** Task instructions **
Retype exactly what appears below from the line containing "Garden Flower White" down to the line containing "Tropical Serenity: Suns..", keeping both end lines. Do not include pictures.

** Supplied entries **
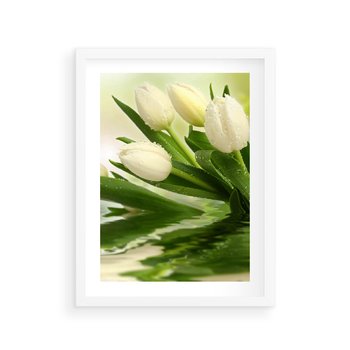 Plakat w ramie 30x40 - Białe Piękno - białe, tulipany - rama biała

--

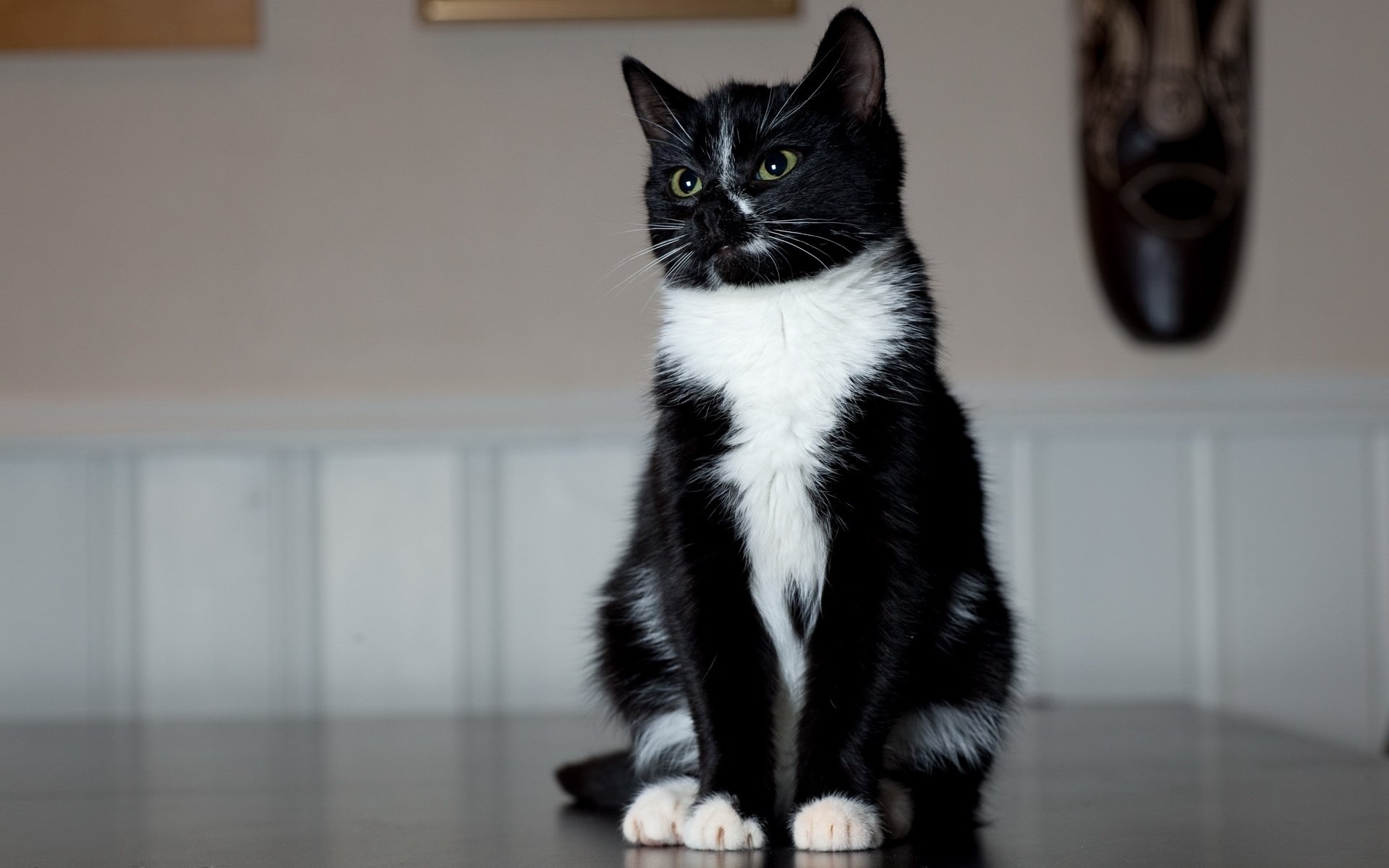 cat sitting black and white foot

==

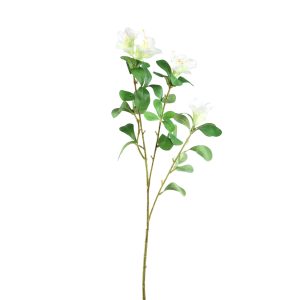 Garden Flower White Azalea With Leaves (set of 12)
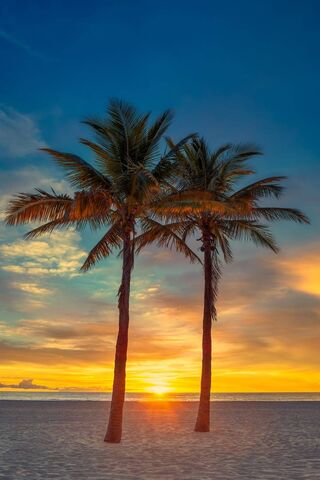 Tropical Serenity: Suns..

** Reply **
 Garden Flower White Azalea With Leaves (set of 12)
 Tropical Serenity: Suns..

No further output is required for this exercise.